### Activity
Starting from the first line below, copy the whole listing exactly.
------------------------
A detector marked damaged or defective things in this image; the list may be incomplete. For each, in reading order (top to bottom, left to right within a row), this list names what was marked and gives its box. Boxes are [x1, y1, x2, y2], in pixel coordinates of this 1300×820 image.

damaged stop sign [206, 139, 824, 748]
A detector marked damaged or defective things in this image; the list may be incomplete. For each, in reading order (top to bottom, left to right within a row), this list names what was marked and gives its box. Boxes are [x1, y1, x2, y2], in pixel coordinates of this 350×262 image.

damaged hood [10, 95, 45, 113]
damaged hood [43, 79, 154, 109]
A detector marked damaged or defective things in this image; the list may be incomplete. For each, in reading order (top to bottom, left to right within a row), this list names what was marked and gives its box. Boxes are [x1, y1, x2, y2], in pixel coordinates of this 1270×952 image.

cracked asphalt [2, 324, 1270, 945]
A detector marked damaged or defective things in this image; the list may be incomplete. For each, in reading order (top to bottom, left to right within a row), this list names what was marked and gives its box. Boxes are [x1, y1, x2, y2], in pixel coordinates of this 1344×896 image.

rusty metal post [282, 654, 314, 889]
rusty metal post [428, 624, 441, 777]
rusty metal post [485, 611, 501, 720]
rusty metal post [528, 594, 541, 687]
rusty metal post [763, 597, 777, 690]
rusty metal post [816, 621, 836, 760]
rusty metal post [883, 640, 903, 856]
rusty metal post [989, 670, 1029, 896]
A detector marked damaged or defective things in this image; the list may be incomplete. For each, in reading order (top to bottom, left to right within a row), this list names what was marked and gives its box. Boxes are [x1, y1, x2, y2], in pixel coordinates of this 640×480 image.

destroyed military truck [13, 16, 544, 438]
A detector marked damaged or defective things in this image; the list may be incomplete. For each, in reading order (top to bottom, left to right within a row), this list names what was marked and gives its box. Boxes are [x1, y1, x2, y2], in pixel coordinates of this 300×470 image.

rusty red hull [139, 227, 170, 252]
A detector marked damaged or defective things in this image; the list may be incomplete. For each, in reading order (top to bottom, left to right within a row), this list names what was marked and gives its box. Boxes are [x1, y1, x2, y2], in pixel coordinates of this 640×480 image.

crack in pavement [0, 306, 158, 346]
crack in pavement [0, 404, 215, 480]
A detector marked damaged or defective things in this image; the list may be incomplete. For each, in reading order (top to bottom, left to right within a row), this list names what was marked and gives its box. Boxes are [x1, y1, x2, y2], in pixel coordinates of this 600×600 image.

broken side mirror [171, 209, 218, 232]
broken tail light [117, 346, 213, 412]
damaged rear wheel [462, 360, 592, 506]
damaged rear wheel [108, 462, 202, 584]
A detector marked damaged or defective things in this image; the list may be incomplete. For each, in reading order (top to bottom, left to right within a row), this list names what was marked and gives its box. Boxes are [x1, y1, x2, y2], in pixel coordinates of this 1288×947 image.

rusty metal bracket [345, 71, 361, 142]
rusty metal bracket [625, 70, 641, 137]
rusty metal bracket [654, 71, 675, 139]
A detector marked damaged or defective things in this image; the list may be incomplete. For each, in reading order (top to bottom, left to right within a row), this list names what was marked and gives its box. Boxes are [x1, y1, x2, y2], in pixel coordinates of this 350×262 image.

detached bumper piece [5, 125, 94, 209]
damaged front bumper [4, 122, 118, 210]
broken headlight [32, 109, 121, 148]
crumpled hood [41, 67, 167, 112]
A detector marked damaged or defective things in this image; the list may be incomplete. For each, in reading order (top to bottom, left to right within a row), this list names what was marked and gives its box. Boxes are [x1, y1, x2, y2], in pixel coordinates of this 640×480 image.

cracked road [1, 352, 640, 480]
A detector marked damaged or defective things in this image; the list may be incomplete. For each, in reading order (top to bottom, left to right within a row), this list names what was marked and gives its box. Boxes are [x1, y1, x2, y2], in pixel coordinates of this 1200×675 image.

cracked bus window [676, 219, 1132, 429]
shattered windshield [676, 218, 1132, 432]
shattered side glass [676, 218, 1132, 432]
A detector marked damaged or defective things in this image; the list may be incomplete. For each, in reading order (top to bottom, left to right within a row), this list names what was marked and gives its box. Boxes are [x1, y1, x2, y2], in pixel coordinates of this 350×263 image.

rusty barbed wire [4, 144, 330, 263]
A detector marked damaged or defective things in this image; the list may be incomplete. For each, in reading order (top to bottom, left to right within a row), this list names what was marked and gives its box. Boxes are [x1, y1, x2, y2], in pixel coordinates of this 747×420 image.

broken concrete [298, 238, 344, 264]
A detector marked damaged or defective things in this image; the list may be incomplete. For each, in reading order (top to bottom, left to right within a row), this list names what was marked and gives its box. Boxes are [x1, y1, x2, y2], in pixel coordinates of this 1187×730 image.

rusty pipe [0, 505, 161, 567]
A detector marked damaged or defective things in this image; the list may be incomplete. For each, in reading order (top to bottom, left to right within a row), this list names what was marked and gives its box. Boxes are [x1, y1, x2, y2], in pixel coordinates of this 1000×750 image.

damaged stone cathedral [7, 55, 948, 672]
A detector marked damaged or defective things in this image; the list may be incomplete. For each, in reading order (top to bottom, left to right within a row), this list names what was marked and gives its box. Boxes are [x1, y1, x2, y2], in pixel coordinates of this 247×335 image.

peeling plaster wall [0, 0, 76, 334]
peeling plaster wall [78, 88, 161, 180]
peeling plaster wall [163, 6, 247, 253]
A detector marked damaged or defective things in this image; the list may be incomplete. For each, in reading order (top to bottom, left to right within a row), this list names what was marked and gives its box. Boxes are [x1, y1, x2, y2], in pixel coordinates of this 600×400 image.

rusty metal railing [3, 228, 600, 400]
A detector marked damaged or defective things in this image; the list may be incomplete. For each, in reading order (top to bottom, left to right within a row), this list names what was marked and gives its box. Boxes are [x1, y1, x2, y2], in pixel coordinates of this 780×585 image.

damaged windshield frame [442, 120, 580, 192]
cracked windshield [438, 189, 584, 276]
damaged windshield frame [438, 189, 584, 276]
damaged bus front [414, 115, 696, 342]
------------------------
### Response below
A detector marked damaged or defective things in this image; the list may be incomplete. For each, in reading order (top to bottom, left to right within a row), this list names what was marked and gives its box. Boxes are [x1, y1, x2, y2], in pixel coordinates of this 1300×820 image.

damaged stop sign [206, 139, 824, 748]
A detector marked damaged or defective things in this image; the list may be incomplete. For each, in reading order (top to bottom, left to right within a row), this list names what was marked and gives its box. Boxes are [x1, y1, x2, y2], in pixel coordinates of this 350×262 image.

damaged hood [10, 95, 45, 113]
damaged hood [43, 79, 154, 109]
A detector marked damaged or defective things in this image; the list may be incomplete. For each, in reading order (top to bottom, left to right within a row), this list names what was marked and gives its box. Boxes are [x1, y1, x2, y2], in pixel coordinates of this 1270×952 image.

cracked asphalt [2, 324, 1270, 945]
A detector marked damaged or defective things in this image; the list may be incomplete. For each, in reading order (top to bottom, left to right within a row), this list names what was marked and gives its box. Boxes are [x1, y1, x2, y2], in pixel coordinates of this 1344×896 image.

rusty metal post [282, 654, 314, 889]
rusty metal post [428, 624, 441, 777]
rusty metal post [485, 611, 501, 720]
rusty metal post [528, 594, 541, 687]
rusty metal post [763, 597, 777, 690]
rusty metal post [816, 621, 836, 760]
rusty metal post [883, 640, 903, 856]
rusty metal post [989, 670, 1029, 896]
A detector marked damaged or defective things in this image; the list may be incomplete. For each, in reading order (top to bottom, left to right within a row), this list names what was marked and gives its box. Boxes are [x1, y1, x2, y2], in pixel coordinates of this 640×480 image.

destroyed military truck [13, 16, 544, 438]
A detector marked damaged or defective things in this image; the list may be incomplete. For each, in reading order (top to bottom, left to right within a row), this list names what was marked and gives its box. Boxes are [x1, y1, x2, y2], in pixel coordinates of this 300×470 image.

rusty red hull [139, 227, 170, 252]
A detector marked damaged or defective things in this image; the list may be incomplete. For each, in reading order (top to bottom, left to right within a row), this list names what was marked and gives its box. Boxes are [x1, y1, x2, y2], in pixel coordinates of this 640×480 image.

crack in pavement [0, 306, 158, 346]
crack in pavement [0, 404, 215, 480]
A detector marked damaged or defective things in this image; the list may be incomplete. For each, in reading order (top to bottom, left to right within a row), this list names what was marked and gives its box. Boxes are [x1, y1, x2, y2], in pixel coordinates of this 600×600 image.

broken side mirror [171, 209, 218, 232]
broken tail light [117, 346, 213, 412]
damaged rear wheel [462, 360, 592, 506]
damaged rear wheel [108, 462, 202, 584]
A detector marked damaged or defective things in this image; the list may be incomplete. For each, in reading order (top to bottom, left to right within a row), this list names what was marked and gives its box. Boxes are [x1, y1, x2, y2], in pixel coordinates of this 1288×947 image.

rusty metal bracket [345, 71, 361, 142]
rusty metal bracket [625, 70, 641, 137]
rusty metal bracket [654, 71, 675, 139]
A detector marked damaged or defective things in this image; the list may be incomplete. For each, in reading order (top to bottom, left to right within a row), this list names what was marked and gives its box. Boxes are [x1, y1, x2, y2], in pixel coordinates of this 350×262 image.

detached bumper piece [5, 125, 94, 209]
damaged front bumper [4, 122, 118, 210]
broken headlight [32, 109, 121, 148]
crumpled hood [41, 67, 167, 112]
A detector marked damaged or defective things in this image; the list may be incomplete. For each, in reading order (top to bottom, left to right within a row), this list names what was marked and gives its box. Boxes are [x1, y1, x2, y2], in pixel coordinates of this 640×480 image.

cracked road [1, 352, 640, 480]
A detector marked damaged or defective things in this image; the list may be incomplete. For each, in reading order (top to bottom, left to right within a row), this list names what was marked and gives its box. Boxes are [x1, y1, x2, y2], in pixel coordinates of this 1200×675 image.

cracked bus window [676, 219, 1132, 429]
shattered windshield [676, 218, 1132, 432]
shattered side glass [676, 218, 1132, 432]
A detector marked damaged or defective things in this image; the list may be incomplete. For each, in reading order (top to bottom, left to right within a row), this list names what was marked and gives its box. Boxes are [x1, y1, x2, y2], in pixel coordinates of this 350×263 image.

rusty barbed wire [4, 144, 330, 263]
A detector marked damaged or defective things in this image; the list may be incomplete. For each, in reading order (top to bottom, left to right within a row), this list names what was marked and gives its box. Boxes are [x1, y1, x2, y2], in pixel coordinates of this 747×420 image.

broken concrete [298, 238, 344, 264]
A detector marked damaged or defective things in this image; the list may be incomplete. For each, in reading order (top to bottom, left to right within a row), this list names what was marked and gives its box. Boxes are [x1, y1, x2, y2], in pixel coordinates of this 1187×730 image.

rusty pipe [0, 505, 161, 567]
A detector marked damaged or defective things in this image; the list may be incomplete. For each, in reading order (top to bottom, left to right within a row), this list names what was marked and gives its box. Boxes are [x1, y1, x2, y2], in pixel coordinates of this 1000×750 image.

damaged stone cathedral [7, 55, 948, 672]
A detector marked damaged or defective things in this image; the list may be incomplete. For each, in reading order (top to bottom, left to right within a row), this list names what was marked and gives its box. Boxes are [x1, y1, x2, y2], in pixel coordinates of this 247×335 image.

peeling plaster wall [0, 0, 76, 334]
peeling plaster wall [78, 88, 161, 180]
peeling plaster wall [163, 6, 247, 253]
A detector marked damaged or defective things in this image; the list may be incomplete. For each, in reading order (top to bottom, left to right within a row), this list names what was marked and gives its box. Boxes are [x1, y1, x2, y2], in pixel coordinates of this 600×400 image.

rusty metal railing [3, 228, 600, 400]
A detector marked damaged or defective things in this image; the list may be incomplete. For each, in reading order (top to bottom, left to right within a row), this list names what was marked and gives its box. Boxes are [x1, y1, x2, y2], in pixel coordinates of this 780×585 image.

damaged windshield frame [442, 120, 580, 192]
cracked windshield [438, 189, 584, 276]
damaged windshield frame [438, 189, 584, 276]
damaged bus front [414, 115, 696, 342]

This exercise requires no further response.